→ **TASK PROMPT**
Given the entries below, would you transcribe exactly the lines starting at the one with "Come in today" and ending at the one with "It's non-GMO Project", both kept, pictures omitted, nothing extra?

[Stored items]
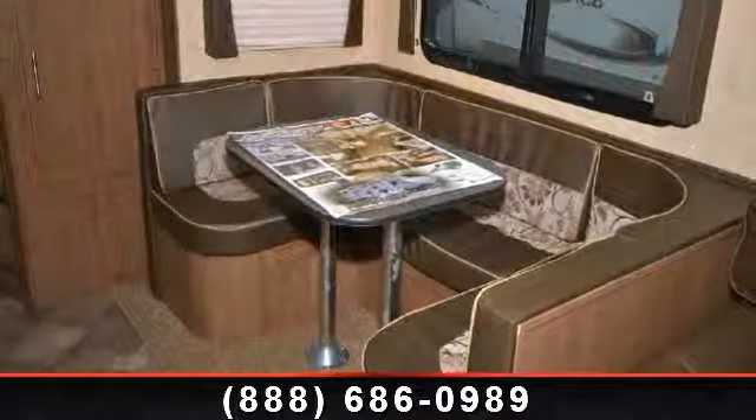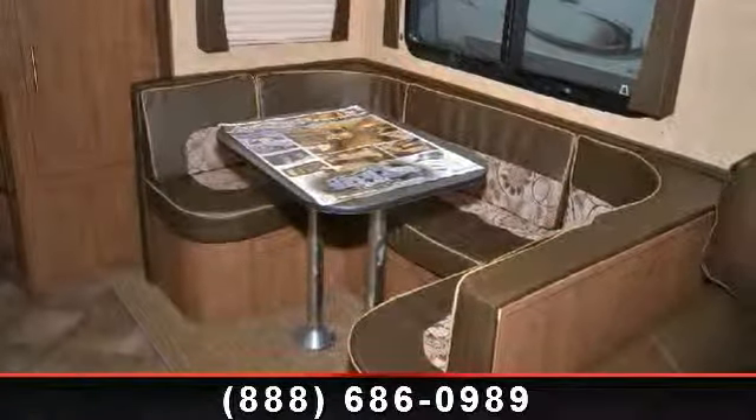Let us put you in the right RV for your family. Call now to schedule an appointment at our dealership.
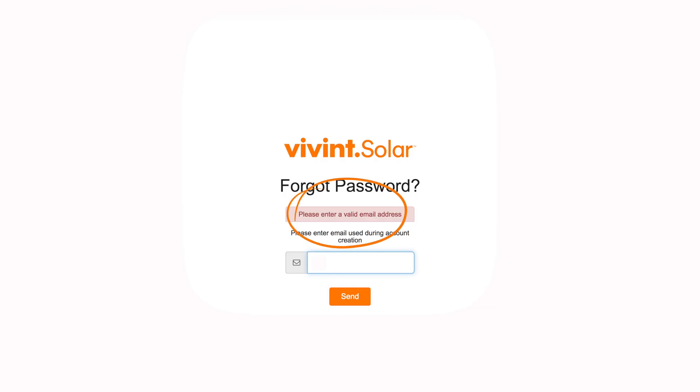One will say please enter a valid email address, the other will say email sent. If you got the message that says please enter a valid email address, double check for correct spelling. Still no luck? Try some different email addresses that you might have used instead.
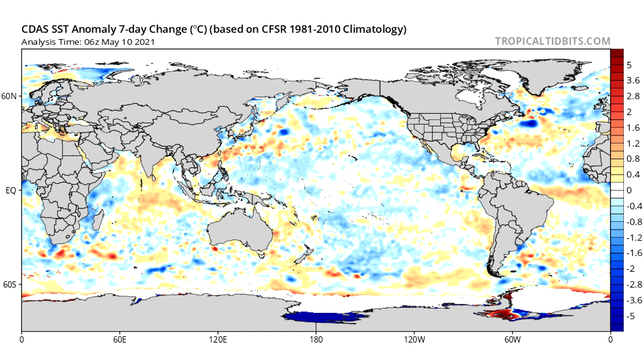Not only are we in this pattern of a cold Pacific and warm Atlantic, we are heading even deeper into those patterns over the past seven days. This is going to heavily influence the weather throughout June. We're going to look at a few charts showing where sea surface temperatures have been going, what we're expecting from the ENSO moving forward, and then long-range forecasts for June temperatures and precipitation.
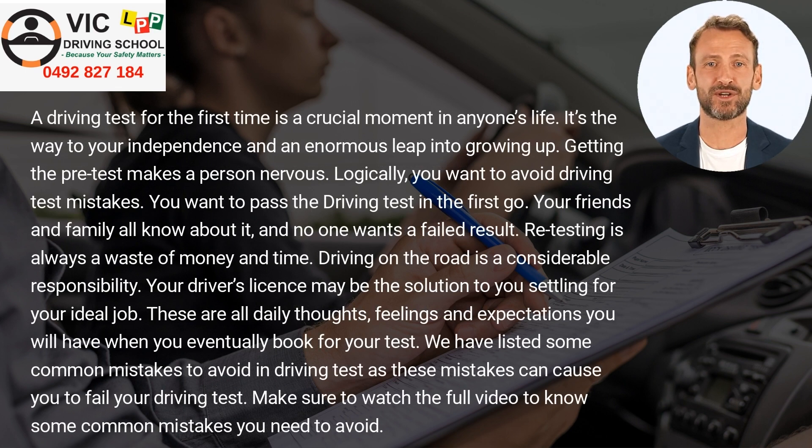A driving test for the first time is a crucial moment in anyone's life. It's the way to your independence and an enormous leap into growing up. Getting the pre-test makes a person nervous. Logically, you want to avoid driving test mistakes — you want to pass the driving test in the first go. Your friends and family all know about it, and no one wants a failed result.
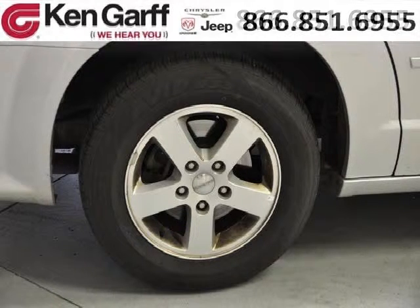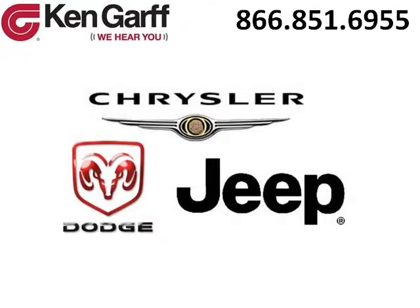Come in today and take a look for yourself. Ken Garff Dodge Chrysler Jeep West Valley is the dealership for you, conveniently located in West Valley, Utah off of Route 171.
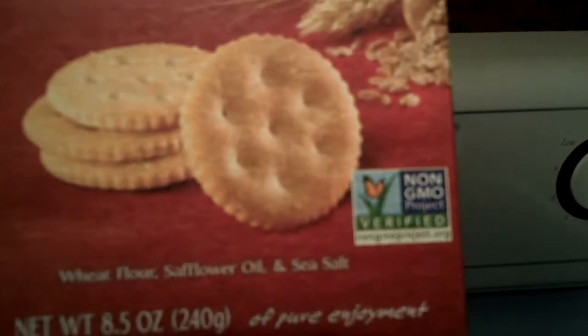It's non-GMO Project Verified. I'm going to try these classic round crackers for the first time. Mmm. Mmm. Delicious. Yes.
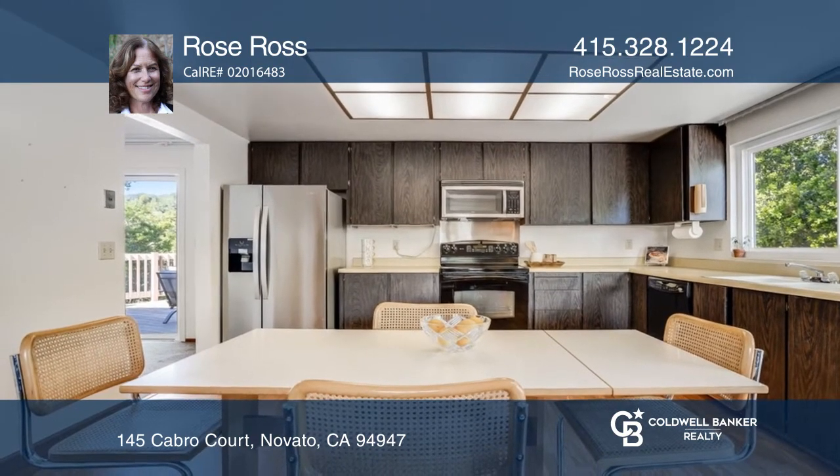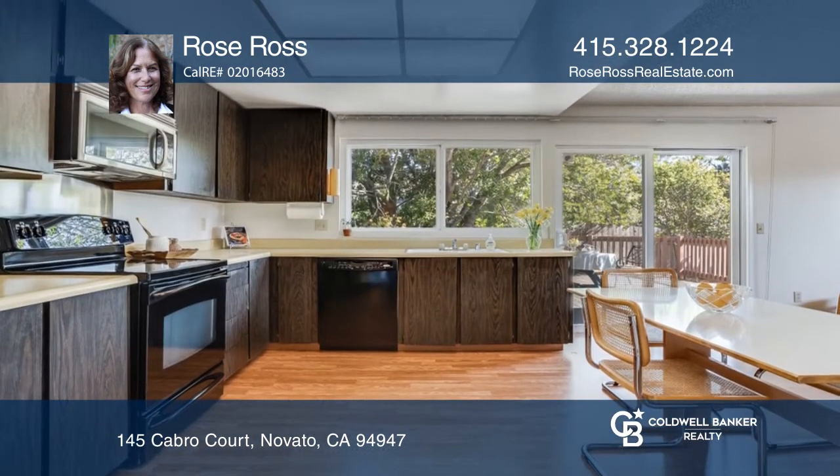Cook in the kitchen that offers an abundance of cabinets, lots of counter space, and a sliding glass door to the backyard.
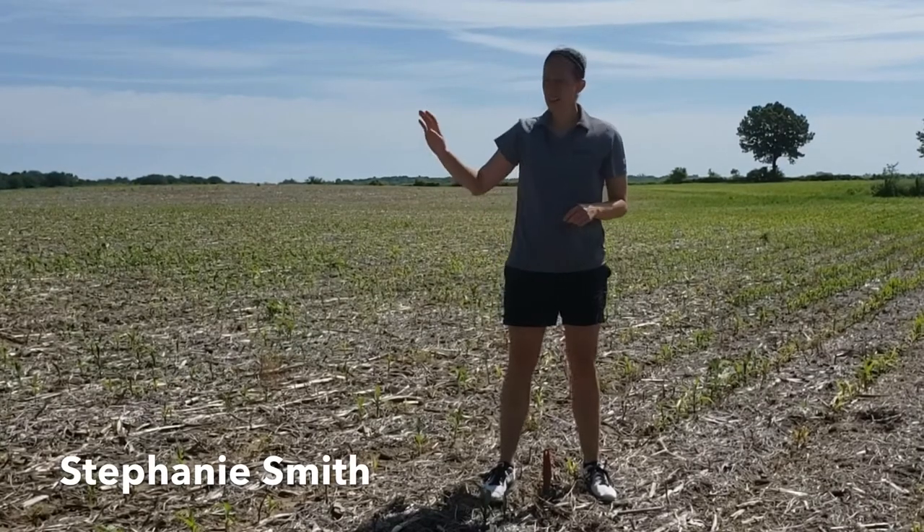Stephanie Smith, agronomist with Golden Harvest covering Indiana. Today I was called out on a field because it looked a little yellow and the crop was looking a little stunted.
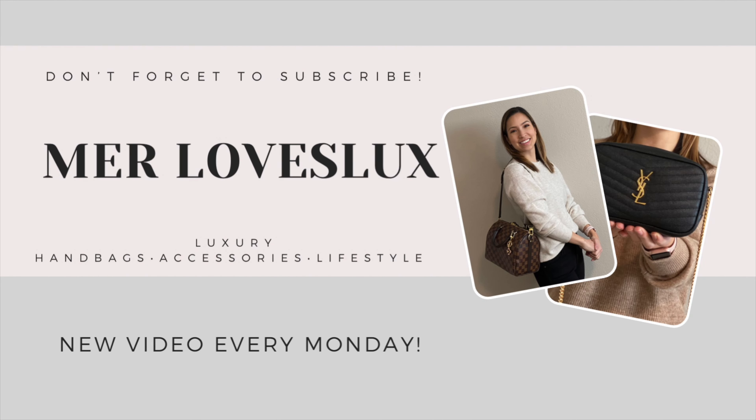So what is inside my Speedy Bandouliere 25? This is about as full as I would fill my Speedy 25. First thing is a 14-ounce Nalgene, my phone, my phone case, a hand sanitizer spray, my LV 6-key holder, my Amazon Kindle, my LV 6-key pouch, I have a Goyard card holder, my sunglasses in the case, my mini pochette, and my AirPods.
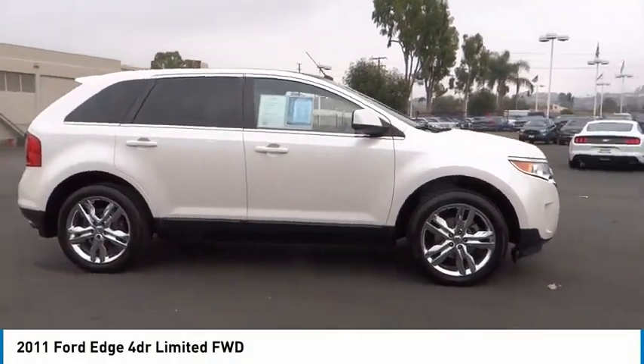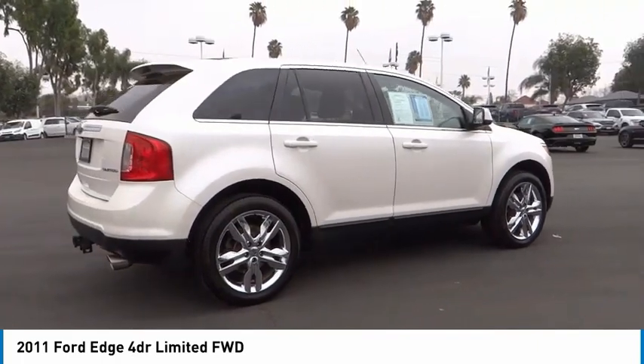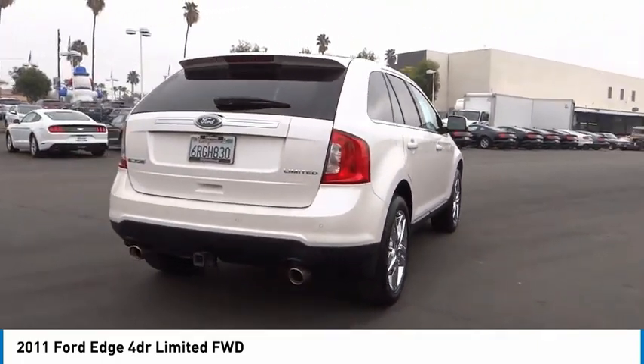Stop by and take a look at the 2011 Edge. Thrills with more power and MPG. Either way, you're in for an exhilarating experience with Ford Edge.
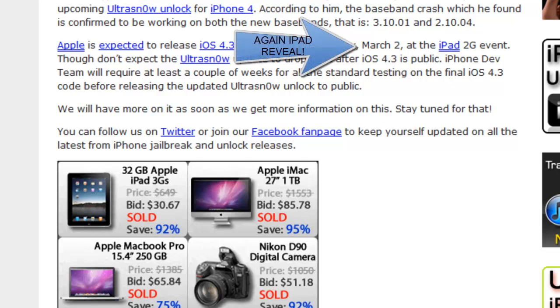March 2nd at the iPad 2 event — remember, I have a video on that and I'll put it in the description for you to check out. Though don't expect the UltraSnow update to drop right after iOS 4.3 goes public. iPhone Dev Team will require at least a couple of weeks for all the standard testing on the final iOS 4.3 code before releasing the updated UltraSnow unlock to the public.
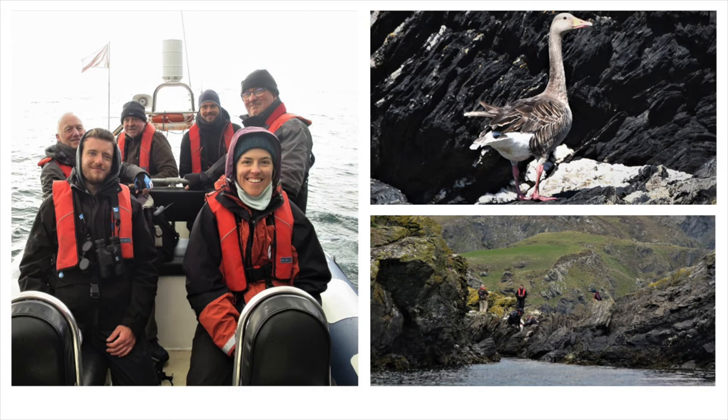One thing we did find on Kitterland, which was a little unusual, was a grey-legged goose. The bird was actually there for quite a long time, with a lot of evidence of it having been on Kitterland for a while and regular footage of it on the camera trap.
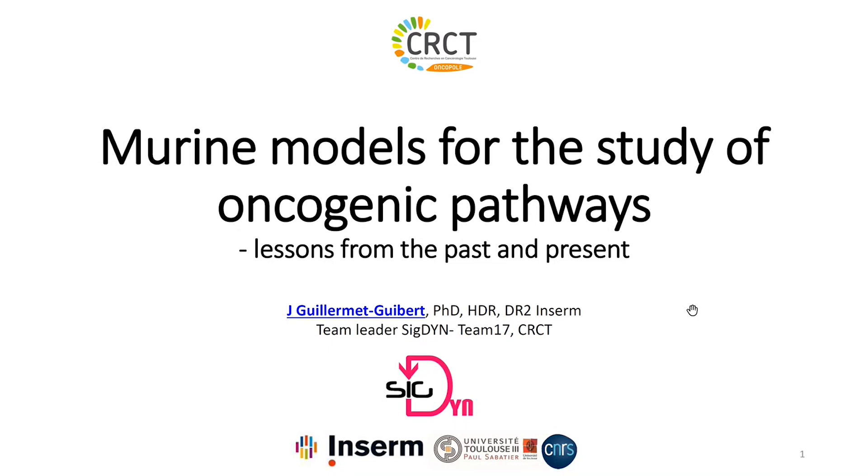Today I will talk about mouse models in pancreatic cancer and why it is still important to have genetically engineered mouse models to study oncogenic pathways. This is also an occasion because today is the last day of Marlene's work — sometimes people move on to continue their next chapter in life — and I want to explain my view of what Marlene has brought as a scientific contribution to our field.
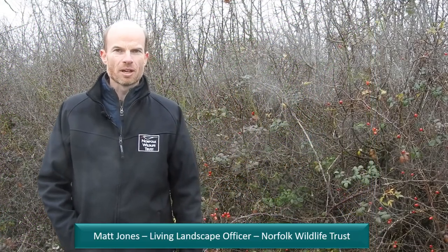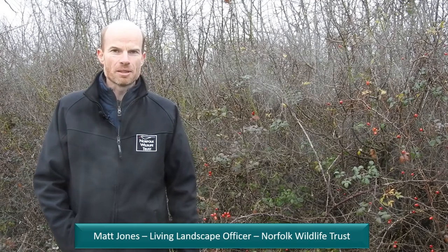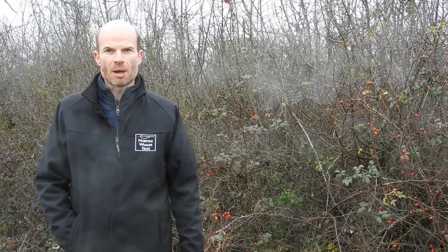Hedgerows are really important for wildlife — firstly as a habitat in themselves, and that's not just about the bushes and shrubs that we immediately think of in terms of hedgerows, but also the associated features: the herbaceous vegetation at the base, the trees that we might find along the hedge line, and associated features like ditches and banks.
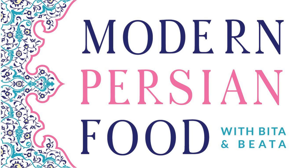This is Modern Persian Food, a culinary podcast for today's food enthusiast. We talk about classic Persian flavors, modern recipes, and embracing culture and identity through food. I'm Bita. And I'm also Bita. Welcome to our show.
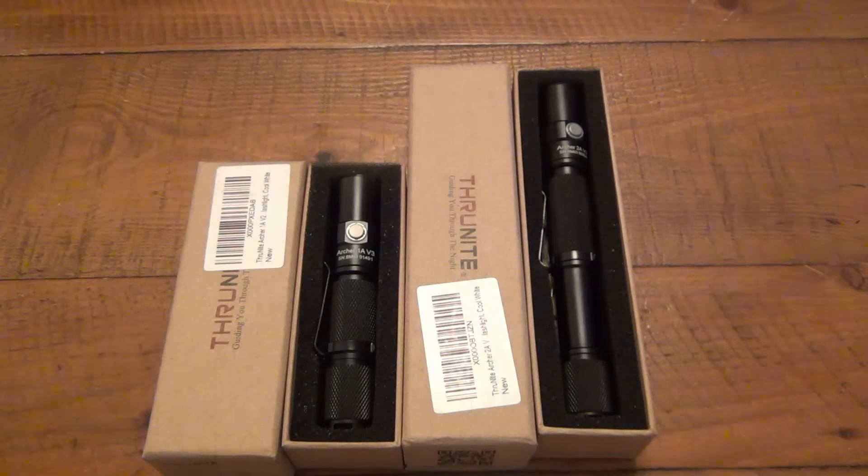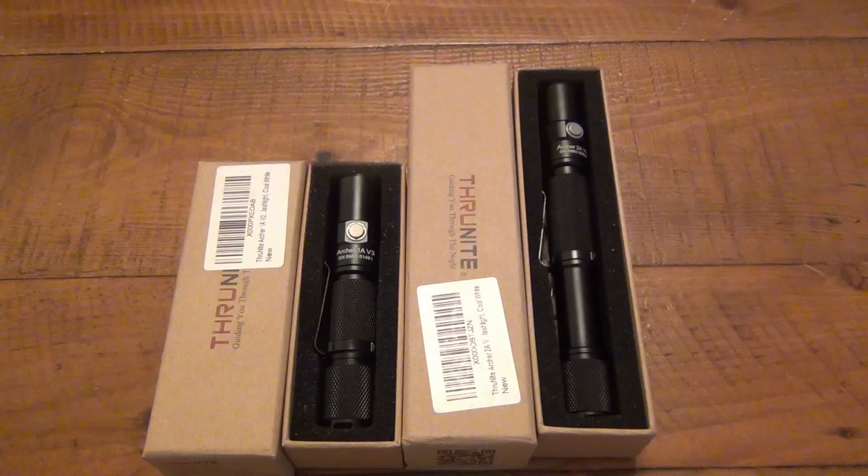Hey, what's going on guys? Well, it's time for a giveaway. I'm actually going to do a couple giveaways, starting with this one. I might do another one as soon as it's over, or possibly before this one's over. But I'm going to give away two of these flashlights.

→ **RESULT BELOW**
Come in today and take a look for yourself. Ken Garff Dodge Chrysler Jeep West Valley is the dealership for you, conveniently located in West Valley, Utah off of Route 171.
It's non-GMO Project Verified. I'm going to try these classic round crackers for the first time. Mmm. Mmm. Delicious. Yes.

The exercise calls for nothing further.